The Abhayamudrā "gesture of fearlessness" is a mudrā (gesture) that is the gesture of reassurance and safety, which dispels fear and accords divine protection and bliss in Buddhism and other Indian religions. The right hand is held upright, and the palm is facing outwards. This is one of the earliest mudrās found depicted on a number of Hindu, Buddhist, Jain and Sikh images.

The abhayamudrā (施無畏印) represents protection, peace, benevolence and the dispelling of fear. The Hindu god Nataraja is depicted with the second right hand making the Abhaya Mudra, bestowing protection from both evil and ignorance to those who follow the righteousness of dharma.  In Theravada Buddhism, it is usually made with the right hand raised to shoulder height, the arm bent and the palm facing outward with the fingers upright and joined and the left hand hanging down while standing.
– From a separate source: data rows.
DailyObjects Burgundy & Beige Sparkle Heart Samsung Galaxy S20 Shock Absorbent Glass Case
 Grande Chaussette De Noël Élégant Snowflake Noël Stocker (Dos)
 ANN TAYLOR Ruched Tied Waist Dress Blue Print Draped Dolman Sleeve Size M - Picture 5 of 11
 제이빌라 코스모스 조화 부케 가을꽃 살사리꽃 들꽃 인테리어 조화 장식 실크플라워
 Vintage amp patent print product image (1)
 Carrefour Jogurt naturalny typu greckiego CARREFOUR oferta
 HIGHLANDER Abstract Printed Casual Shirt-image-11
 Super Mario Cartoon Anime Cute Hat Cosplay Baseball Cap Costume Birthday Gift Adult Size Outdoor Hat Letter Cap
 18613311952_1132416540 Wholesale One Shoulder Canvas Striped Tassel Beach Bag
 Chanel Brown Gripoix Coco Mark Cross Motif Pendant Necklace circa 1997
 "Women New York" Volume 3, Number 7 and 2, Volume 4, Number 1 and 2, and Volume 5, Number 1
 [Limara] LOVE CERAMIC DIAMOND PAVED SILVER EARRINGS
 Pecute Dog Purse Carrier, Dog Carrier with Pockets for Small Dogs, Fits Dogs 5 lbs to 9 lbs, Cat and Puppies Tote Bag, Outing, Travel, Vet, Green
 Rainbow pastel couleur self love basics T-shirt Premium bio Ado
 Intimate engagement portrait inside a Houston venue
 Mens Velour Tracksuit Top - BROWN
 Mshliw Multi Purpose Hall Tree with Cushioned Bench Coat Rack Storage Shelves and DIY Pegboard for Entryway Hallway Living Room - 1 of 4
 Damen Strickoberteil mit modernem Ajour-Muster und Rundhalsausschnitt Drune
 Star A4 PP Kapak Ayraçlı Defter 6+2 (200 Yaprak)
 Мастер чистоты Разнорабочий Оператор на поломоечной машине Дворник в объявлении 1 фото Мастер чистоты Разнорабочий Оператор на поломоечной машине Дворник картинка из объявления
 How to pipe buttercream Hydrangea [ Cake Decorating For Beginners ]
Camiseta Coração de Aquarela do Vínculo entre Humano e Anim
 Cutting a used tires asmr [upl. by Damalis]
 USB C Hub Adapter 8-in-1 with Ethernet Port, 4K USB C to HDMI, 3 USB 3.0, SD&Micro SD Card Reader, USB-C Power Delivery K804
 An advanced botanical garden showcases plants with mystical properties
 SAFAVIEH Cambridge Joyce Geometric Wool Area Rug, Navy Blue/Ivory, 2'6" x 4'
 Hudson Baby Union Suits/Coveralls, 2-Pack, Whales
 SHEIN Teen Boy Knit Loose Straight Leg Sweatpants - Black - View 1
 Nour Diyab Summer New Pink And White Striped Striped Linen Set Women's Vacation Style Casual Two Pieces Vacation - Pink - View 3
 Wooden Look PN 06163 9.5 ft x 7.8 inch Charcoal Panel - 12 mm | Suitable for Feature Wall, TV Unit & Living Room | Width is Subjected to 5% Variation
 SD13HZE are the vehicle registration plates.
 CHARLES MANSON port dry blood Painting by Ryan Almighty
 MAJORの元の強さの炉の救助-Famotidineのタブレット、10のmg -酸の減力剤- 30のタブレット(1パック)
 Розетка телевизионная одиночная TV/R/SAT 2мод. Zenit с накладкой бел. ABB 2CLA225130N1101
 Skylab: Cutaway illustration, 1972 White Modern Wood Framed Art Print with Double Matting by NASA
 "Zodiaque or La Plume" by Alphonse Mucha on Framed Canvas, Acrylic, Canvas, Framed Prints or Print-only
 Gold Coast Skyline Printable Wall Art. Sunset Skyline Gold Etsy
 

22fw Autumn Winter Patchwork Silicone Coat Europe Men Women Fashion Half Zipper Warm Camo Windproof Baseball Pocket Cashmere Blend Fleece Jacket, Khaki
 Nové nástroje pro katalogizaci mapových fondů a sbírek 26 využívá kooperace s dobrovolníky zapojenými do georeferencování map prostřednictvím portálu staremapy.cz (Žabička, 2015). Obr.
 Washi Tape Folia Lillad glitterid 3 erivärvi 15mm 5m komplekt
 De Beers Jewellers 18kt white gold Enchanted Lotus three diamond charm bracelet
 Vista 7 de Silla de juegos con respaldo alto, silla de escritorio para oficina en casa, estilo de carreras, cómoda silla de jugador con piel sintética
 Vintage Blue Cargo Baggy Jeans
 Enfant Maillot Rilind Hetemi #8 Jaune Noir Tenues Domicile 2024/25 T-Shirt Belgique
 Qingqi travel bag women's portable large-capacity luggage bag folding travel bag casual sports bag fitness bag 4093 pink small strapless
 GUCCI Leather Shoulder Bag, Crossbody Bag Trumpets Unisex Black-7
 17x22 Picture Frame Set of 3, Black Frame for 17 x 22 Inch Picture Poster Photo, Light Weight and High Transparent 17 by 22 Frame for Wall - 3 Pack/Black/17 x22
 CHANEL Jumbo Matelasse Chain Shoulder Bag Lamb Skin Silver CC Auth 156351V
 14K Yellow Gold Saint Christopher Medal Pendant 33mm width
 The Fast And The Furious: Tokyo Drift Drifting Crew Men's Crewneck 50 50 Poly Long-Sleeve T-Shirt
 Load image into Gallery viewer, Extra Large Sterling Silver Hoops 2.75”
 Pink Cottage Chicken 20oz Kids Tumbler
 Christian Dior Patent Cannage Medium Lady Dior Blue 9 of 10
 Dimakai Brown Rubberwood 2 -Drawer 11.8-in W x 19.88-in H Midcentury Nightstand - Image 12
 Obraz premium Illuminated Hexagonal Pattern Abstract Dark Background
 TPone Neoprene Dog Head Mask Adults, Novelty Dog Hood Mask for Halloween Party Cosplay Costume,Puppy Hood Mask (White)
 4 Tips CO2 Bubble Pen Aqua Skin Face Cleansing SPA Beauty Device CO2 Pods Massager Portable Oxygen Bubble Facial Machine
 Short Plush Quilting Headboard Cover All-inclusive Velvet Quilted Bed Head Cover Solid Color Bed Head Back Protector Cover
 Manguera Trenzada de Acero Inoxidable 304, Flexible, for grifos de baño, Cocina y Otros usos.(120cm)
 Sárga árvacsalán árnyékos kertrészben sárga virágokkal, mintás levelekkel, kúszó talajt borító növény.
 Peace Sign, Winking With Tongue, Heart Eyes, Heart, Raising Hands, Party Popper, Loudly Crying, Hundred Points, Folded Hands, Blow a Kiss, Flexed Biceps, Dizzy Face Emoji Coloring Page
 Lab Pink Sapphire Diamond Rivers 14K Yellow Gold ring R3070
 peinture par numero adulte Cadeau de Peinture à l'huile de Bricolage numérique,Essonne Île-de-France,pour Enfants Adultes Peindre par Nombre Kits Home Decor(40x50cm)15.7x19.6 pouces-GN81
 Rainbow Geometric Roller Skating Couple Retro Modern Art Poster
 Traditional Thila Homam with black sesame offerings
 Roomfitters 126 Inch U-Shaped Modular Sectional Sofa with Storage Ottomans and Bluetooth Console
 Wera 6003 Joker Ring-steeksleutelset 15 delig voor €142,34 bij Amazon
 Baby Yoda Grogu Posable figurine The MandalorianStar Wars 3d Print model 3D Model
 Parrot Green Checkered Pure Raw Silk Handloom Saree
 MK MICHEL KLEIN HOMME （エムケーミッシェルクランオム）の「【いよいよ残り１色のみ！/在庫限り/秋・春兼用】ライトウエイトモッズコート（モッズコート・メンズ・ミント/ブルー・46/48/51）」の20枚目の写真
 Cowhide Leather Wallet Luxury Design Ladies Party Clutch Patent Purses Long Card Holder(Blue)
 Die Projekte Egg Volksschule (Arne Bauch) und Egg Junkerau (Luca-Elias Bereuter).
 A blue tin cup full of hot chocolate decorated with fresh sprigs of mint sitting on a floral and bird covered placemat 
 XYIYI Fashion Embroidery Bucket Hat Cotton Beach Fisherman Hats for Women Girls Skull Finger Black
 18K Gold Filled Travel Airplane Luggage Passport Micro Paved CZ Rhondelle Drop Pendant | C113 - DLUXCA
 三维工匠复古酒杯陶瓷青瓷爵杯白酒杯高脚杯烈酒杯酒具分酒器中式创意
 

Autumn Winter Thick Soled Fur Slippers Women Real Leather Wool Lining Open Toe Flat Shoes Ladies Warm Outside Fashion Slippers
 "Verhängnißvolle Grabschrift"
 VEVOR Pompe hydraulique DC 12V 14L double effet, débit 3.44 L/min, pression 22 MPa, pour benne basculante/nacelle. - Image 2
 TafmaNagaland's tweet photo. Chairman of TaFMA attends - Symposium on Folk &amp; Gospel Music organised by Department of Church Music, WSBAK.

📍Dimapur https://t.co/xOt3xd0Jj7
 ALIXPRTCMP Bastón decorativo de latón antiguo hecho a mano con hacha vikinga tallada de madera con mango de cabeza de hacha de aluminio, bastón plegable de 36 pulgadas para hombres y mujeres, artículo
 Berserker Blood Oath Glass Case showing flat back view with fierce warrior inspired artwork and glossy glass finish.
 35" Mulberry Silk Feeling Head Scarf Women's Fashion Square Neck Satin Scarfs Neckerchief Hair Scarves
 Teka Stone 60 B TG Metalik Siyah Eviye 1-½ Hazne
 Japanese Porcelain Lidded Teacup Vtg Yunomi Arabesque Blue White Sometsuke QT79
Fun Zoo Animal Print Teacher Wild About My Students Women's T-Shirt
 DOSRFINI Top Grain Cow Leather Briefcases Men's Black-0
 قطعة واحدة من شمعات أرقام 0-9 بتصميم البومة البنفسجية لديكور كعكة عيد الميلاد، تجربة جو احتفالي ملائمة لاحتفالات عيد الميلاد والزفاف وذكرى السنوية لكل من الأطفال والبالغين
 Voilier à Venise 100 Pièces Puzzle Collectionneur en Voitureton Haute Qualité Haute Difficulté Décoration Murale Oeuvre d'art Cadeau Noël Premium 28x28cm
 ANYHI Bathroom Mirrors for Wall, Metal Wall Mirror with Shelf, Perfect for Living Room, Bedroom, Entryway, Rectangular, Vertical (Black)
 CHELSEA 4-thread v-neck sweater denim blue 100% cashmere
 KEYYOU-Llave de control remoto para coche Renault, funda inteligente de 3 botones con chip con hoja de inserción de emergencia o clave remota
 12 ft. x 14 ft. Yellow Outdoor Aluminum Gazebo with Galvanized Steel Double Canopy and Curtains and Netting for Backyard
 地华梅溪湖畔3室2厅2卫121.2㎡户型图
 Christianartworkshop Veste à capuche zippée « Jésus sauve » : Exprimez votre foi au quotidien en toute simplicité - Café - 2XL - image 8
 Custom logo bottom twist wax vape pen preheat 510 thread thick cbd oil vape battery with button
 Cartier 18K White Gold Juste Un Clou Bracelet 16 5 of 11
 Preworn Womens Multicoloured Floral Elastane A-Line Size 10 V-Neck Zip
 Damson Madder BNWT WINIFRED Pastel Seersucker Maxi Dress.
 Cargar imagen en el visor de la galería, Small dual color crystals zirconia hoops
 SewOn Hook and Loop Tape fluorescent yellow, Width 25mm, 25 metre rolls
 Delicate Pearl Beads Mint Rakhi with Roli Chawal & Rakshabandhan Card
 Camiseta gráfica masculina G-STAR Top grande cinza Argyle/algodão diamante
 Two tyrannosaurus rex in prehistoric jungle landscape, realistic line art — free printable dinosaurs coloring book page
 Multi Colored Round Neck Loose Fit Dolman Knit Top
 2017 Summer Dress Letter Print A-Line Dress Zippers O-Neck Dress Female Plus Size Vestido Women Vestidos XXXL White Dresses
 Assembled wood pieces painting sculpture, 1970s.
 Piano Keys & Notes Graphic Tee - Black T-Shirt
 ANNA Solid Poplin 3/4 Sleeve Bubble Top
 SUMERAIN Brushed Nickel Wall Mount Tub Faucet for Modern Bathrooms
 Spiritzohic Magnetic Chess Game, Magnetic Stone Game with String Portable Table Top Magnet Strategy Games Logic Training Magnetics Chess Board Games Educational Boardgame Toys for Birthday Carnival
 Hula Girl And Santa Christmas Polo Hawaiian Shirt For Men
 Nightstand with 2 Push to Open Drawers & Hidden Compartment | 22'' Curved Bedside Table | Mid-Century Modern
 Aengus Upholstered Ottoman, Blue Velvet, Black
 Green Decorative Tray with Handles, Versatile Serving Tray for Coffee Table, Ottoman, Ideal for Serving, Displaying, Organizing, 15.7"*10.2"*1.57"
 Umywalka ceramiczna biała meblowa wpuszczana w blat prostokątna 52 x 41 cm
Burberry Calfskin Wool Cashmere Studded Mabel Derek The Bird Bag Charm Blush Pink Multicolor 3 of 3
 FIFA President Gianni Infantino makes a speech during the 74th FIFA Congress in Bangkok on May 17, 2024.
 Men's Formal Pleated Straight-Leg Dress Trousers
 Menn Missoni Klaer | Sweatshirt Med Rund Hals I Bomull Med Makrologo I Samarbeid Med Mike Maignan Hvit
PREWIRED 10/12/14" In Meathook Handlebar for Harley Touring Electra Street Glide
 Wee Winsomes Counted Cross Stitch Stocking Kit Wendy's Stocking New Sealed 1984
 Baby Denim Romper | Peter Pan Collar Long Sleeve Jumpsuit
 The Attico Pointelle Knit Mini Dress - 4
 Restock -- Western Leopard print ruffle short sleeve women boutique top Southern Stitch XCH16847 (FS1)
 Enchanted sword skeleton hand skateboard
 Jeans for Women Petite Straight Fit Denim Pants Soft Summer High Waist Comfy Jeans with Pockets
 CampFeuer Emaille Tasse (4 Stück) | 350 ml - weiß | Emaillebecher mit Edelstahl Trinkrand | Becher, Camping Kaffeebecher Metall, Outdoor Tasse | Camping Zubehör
In Thailand and Laos, this mudra is associated with the Walking Buddha, often shown having both hands making a double abhayamudrā that is uniform.

The abhayamudrā was probably used before the onset of Buddhism as a symbol of good intentions proposing friendship when approaching strangers. In the art of Gandhara, it is present when showing the action of preaching. It was also used in China during the Northern Wei and Sui eras of the 4th and 7th centuries.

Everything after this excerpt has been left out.